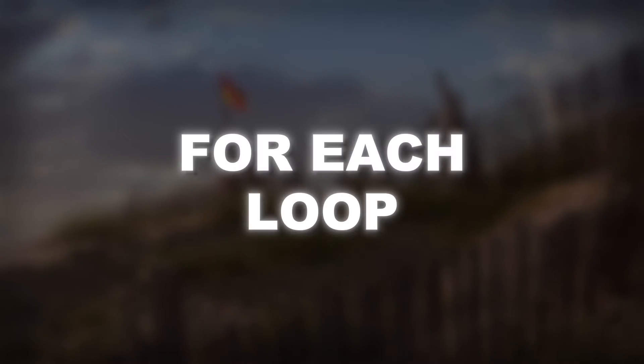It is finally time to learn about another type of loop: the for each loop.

....

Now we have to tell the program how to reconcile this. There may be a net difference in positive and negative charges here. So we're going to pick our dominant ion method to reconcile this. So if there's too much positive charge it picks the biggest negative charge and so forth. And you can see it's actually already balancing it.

....

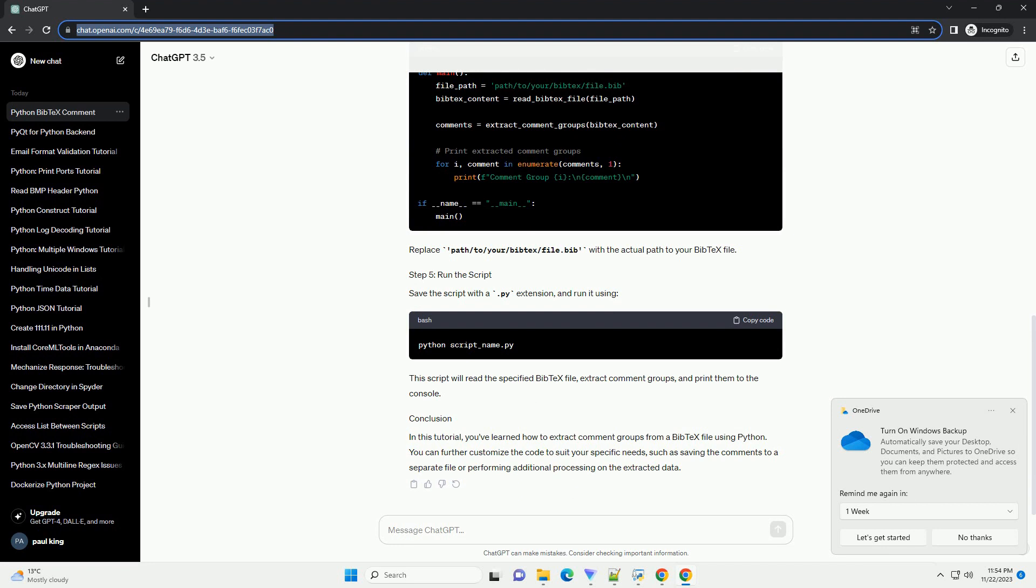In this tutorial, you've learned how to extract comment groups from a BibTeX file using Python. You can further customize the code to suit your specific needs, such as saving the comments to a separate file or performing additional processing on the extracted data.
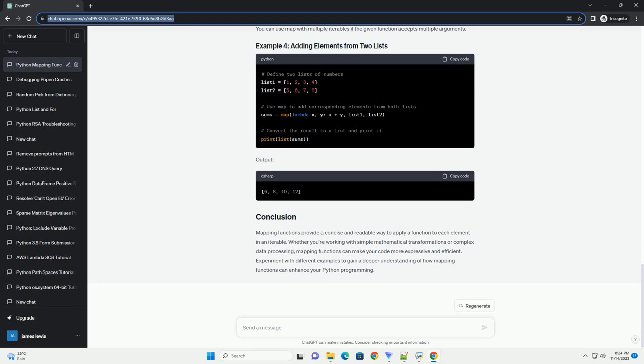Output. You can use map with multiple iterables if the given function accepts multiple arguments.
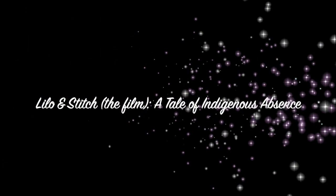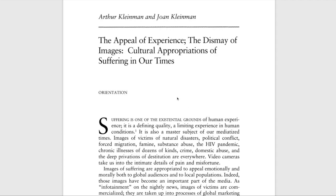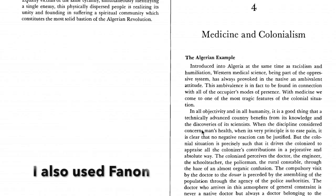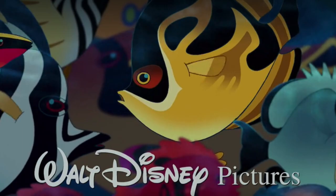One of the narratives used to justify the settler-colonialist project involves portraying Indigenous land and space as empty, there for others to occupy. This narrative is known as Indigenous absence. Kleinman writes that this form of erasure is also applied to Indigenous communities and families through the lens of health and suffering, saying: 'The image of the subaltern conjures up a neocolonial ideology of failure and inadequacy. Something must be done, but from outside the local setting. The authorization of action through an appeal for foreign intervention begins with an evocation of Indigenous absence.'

....

INSTRUCTIONS TO FOLLOW:
Look above for the line with "In this tutorial, you've" and the line with "Output. You can". Output those two and everything between them exactly, pictures excluded.

SOLUTION TO THE PROBLEM:
In this tutorial, you've learned how to extract comment groups from a BibTeX file using Python. You can further customize the code to suit your specific needs, such as saving the comments to a separate file or performing additional processing on the extracted data.
Output. You can use map with multiple iterables if the given function accepts multiple arguments.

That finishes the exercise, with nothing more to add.